Kekuasaan bukan jaminan seseorang bisa dihormati dan dihargai, apalagi bila mengemis dan memintanya, atau memperdaya, berdusta, memfitnah, memusnahkan, dan menjatuhkan yang lainnya, maka tidak akan ada yang pernah bisa mendapatkannya. Kehormatan dan penghargaan itu hanya diberikan kepada mereka yang memang benar-benar pantas dan layak untuk diberikan atas dasar segala perbuatan dan tindakan, hasil karya, serta hati mereka sebagai seorang manusia yang seutuhnya. Harus diakui bahwa sampai saat ini masih banyak yang memiliki padangan dan persepsi negatif terhadap Kolombia yang dianggap sebagai negeri penuh dengan kekerasan dan juga sebagai Negara yang keras kepala karena tidak mau berhenti memproduksi barang-barang yang dianggap “ilegal” tersebut.
Kekerasan itu akan selalu ada dan terjadi di mana pun selama tidak masih ada yang tidak menghormati dan menghargai juga selama kepentingan pribadi, kelompok, golongan itu tetap diprioritaskan, meski mengatasnamakan kepentingan bersama. Yang diperebutkan itu memang apa?! Tidak lebih dari urusan duniawi biarpun mengatasnamakan surga sekalipun. Siapa yang memiliki surga?! Khusus untuk barang-barang yang dianggap “illegal” itu, pertanyaan saya mudah saja. “Kenapa masih mau membelinya?!” Di mana ada konsumen, di sana ada produsen. Bodoh saja yang mau membelinya dan menggunakannya, mereka sama sekali tidak menggunakannya.
Lagipula, mereka tidak melakukan ini semua untuk melakukan tindakan kekerasan baik dengan mengatasnamakan keyakinan dan perjuangan untuk membela kebenaran dan Tuhan. Mereka hanya melakukannya untuk bisa memberikan fasilitas sosial yang membuat nyaman semua warganya. Beda banget dengan Afganishtan, diakui tidak diakui.
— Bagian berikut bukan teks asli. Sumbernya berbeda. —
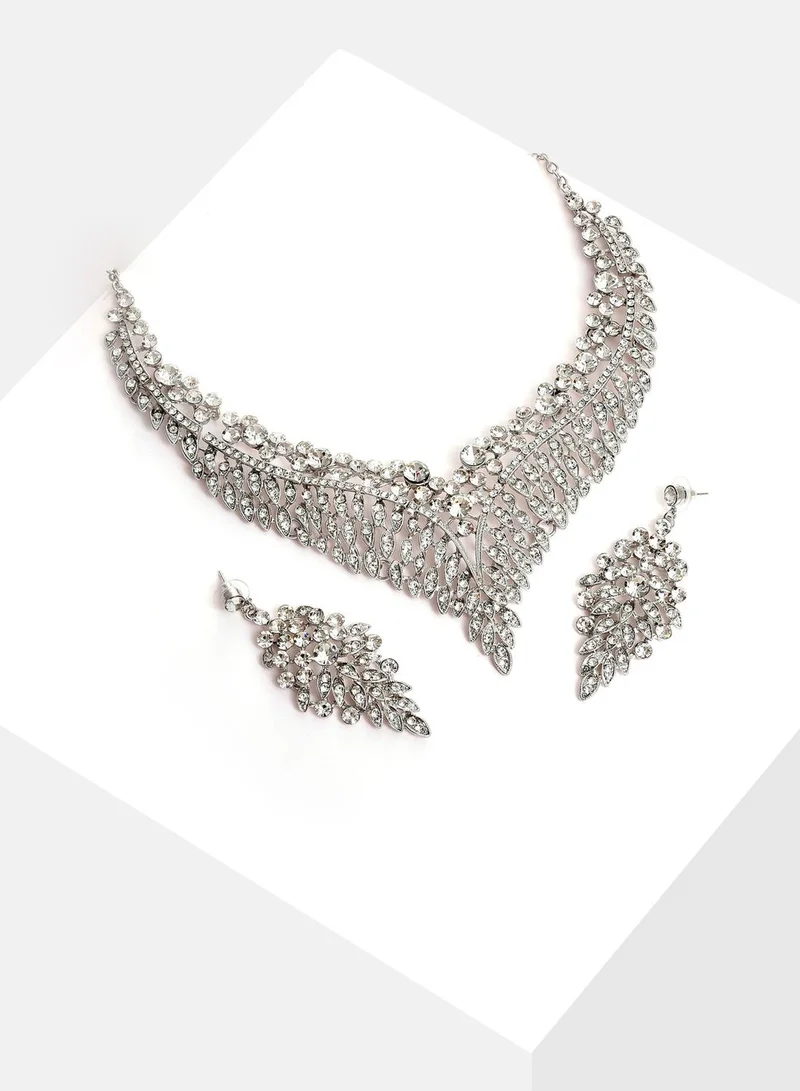 SOHI Silver Plated Designer Stone Necklace and Earring Set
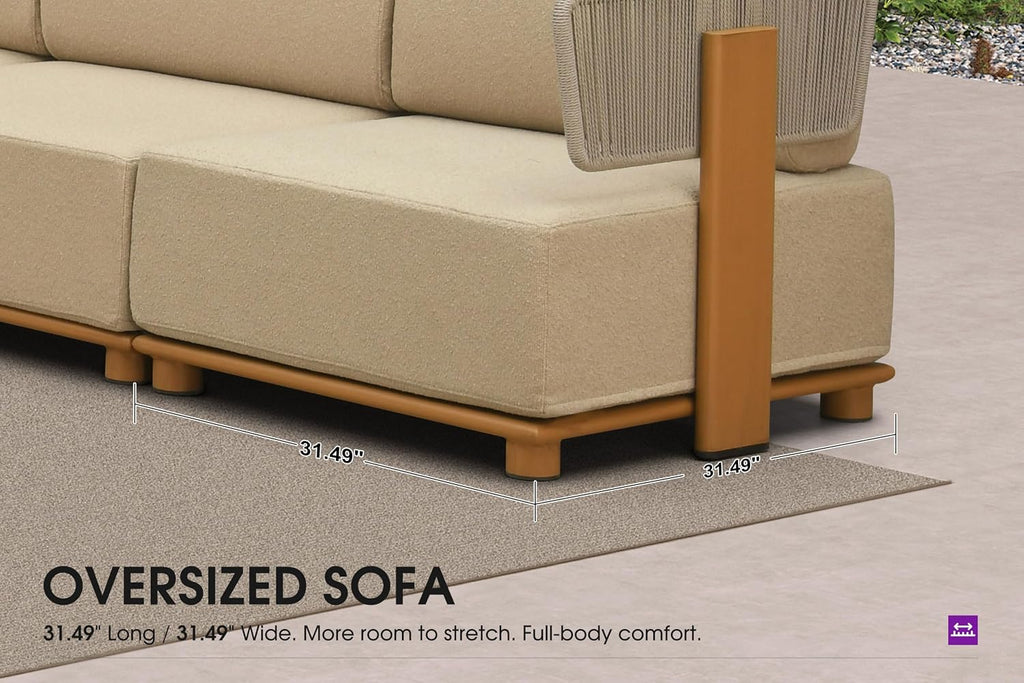 Patio Furniture Set Modular L-Shaped 5 PCS Sectional Sofa | Modular pieces fit your space, 11-in 36D cushions add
Bagaimana juga dengan di Aceh?! Apakah memang barang-barang itu yang haram ataukah perbuatannya yang membuat itu menjadi haram?! Begitu juga dengan legal dan illegal, memang barangnya yang membuat itu illegal, ataukah karena perbuatan yang menjadikannya illegal?! Semua barang-barang itu, kan, hanya benda, sementara manusialah yang memiliki kelebihan untuk berpikir dan menentukan pilihan serta menanggung sendiri semua resiko dan konsekuensinya. Mereka tidak peduli atas nilai yang diberikan karena yang tahu persis semuanya adalah diri mereka sendiri. Apa yang mereka lakukan adalah untuk kepentingan diri mereka sendiri.
Sekarang, bagaimana dengan Aceh?! Maukah belajar untuk bisa menghargai dan menghormati diri sendiri untuk bisa menjadi kuat dan kokoh ataukah memang terus saja membiarkan semuanya seperti sekarang ini hingga Aceh itu hilang dan lenyap dengan sendirinya?! Di manakah emas paling berharga milik Aceh itu sebenarnya?! Emas terindah itu di dalam setiap diri dan pribadi mereka yang mengaku Ureung Aceh?! Maukah mengasahnya agar berkilau dan memberikan keindahannya bagi Aceh sendiri?! Semua adalah pilihan. Silahkan menentukan pilihan dan mempertanggung-jawabkannya.